World's First Complex Bird Society Discovered

Vulturine guineafowl (Acryllium vulturinum) is the first bird species to be found to form complex societies. James Klarevas

Many animals are social, but only a few have what biologists refer to as “complex” or “multilevel” societies. These have been thought to exist only among mammals, and larger-brained species at that, so it was a shock for scientists to discover a multilevel society among vulturine guineafowl, an African bird not exactly known for its intelligence.

For animals, complex societies are those where individuals are part of stable groups, which in turn fit within larger networks. This requires the capacity to recognize individuals not part of an animal’s immediate pack or tribe, and remember the relationship status.

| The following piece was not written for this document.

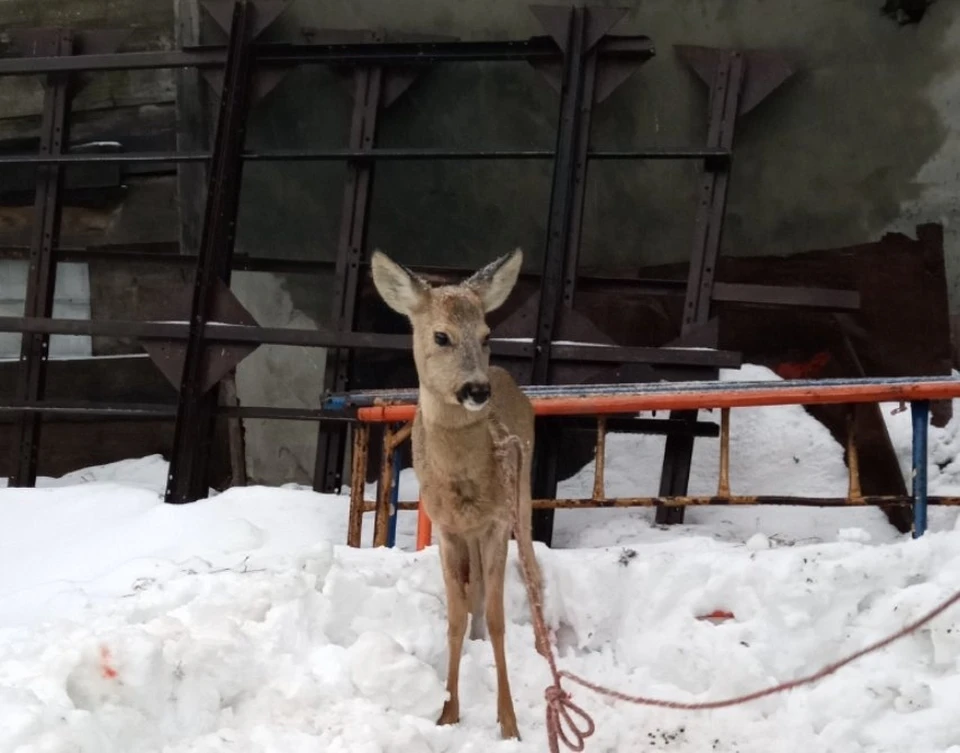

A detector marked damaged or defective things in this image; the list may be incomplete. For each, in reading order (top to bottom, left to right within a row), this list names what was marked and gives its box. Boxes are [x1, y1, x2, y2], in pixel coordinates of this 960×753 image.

rusty metal rack [0, 1, 864, 528]
rusty metal rack [330, 374, 960, 548]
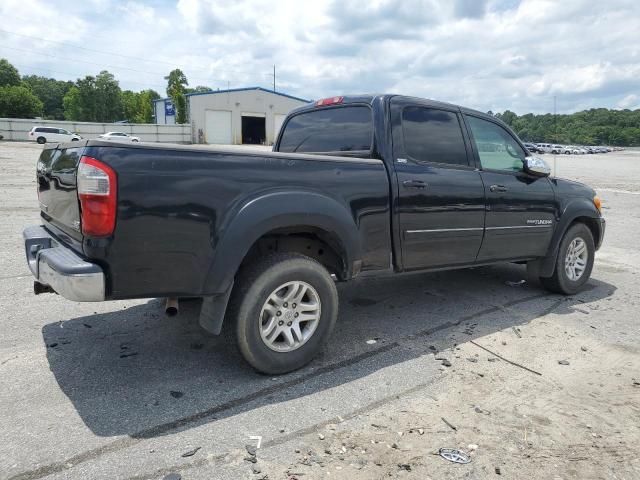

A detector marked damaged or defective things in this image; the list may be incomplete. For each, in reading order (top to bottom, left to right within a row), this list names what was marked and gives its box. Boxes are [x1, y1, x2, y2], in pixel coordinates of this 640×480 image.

cracked asphalt [0, 142, 636, 480]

When it was recently discovered western gorillas have complex societies the finding was unexpected because scientists had extrapolated a little too heavily from chimpanzee studies, where every chimp outside the troop is considered hostile. Nevertheless, it’s not hard to believe our big-brained cousins could keep track of individuals in other groups to know friend from foe, as dolphins, for example, do.

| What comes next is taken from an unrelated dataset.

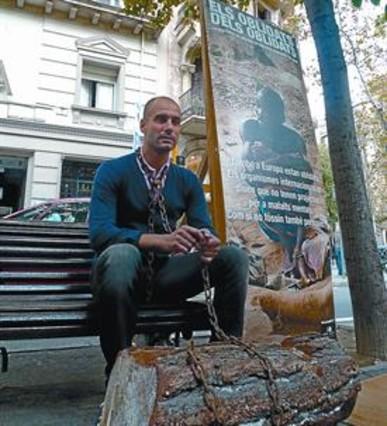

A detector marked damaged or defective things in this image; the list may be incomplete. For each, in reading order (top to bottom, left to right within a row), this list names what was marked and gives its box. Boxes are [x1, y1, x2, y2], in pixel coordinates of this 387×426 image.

rusty chain [144, 176, 284, 426]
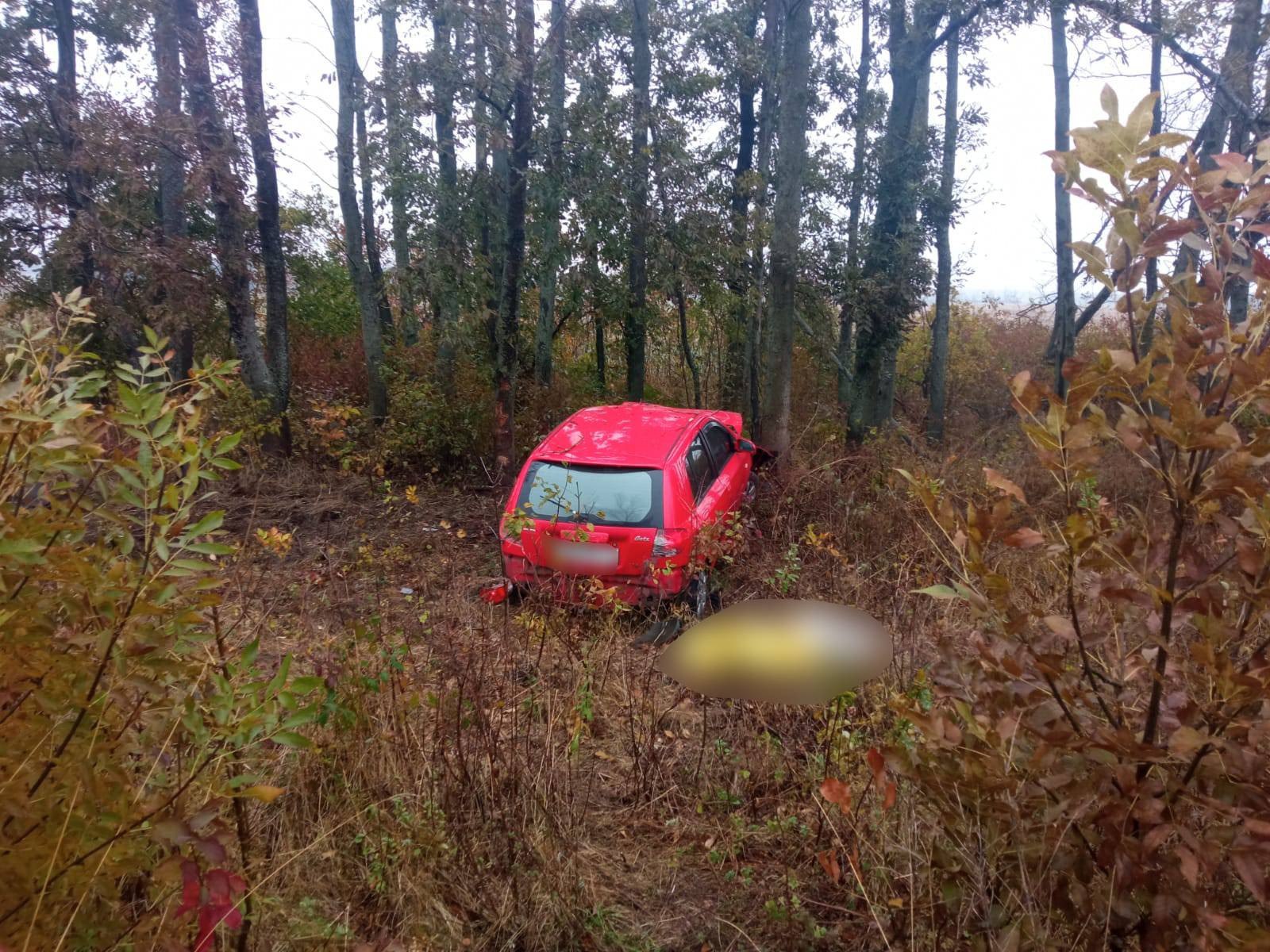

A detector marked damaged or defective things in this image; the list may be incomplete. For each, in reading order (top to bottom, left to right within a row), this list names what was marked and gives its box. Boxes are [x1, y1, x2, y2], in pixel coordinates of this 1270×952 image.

crashed red car [492, 401, 765, 609]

On the other hand, guineafowl can seem too stupid to maintain more than a simple pecking order. However, Danai Papageorgiou, a PhD student at the Max Planck Institute of Animal Behavior, observed 400 adult vulturine guineafowl in the wild in Kenya.

In Current Biology Papageorgiou and co-authors report the birds formed 18 social groups with 13-65 members each. The groups inhabited overlapping territories, without getting into the battles for land that make some other birds appear to be operating their own private Westeros.

Instead, some groups came together with others more than could be attributed to chance, indicating a collective preference for spending time together.

To maintain a complex society vulturine guinea fowl have to remember not only the members of their own group, but those of all the groups around them to know who they like spending time with. Danai Papageorgiou

"To our knowledge, this is the first time a social structure like this has been described for birds," Papageorgiou said in a statement. "It is remarkable to observe hundreds of birds coming out of a roost and splitting up perfectly into completely stable groups every single day. How do they do that? It's obviously not just about being smart."

Dr Damien Farine, the paper’s senior author, added: “[The finding] has opened up exciting possibilities of exploring what is it about this bird that has made them evolve a social system that is in many ways more comparable to a primate than to other birds."

Improvements in cameras and tracking devices have allowed scientists to observe social dynamics in animals in the wild in ways that were impossible until recently, greatly expanding our knowledge of social networks. Indeed, a paper published days before Papageorgiou's reveals social networking can occur even between members of apparently competing species, particularly at low population densities. For example, wildebeest and zebra may both want the same food and water, but can co-operate when it comes to looking out for lions.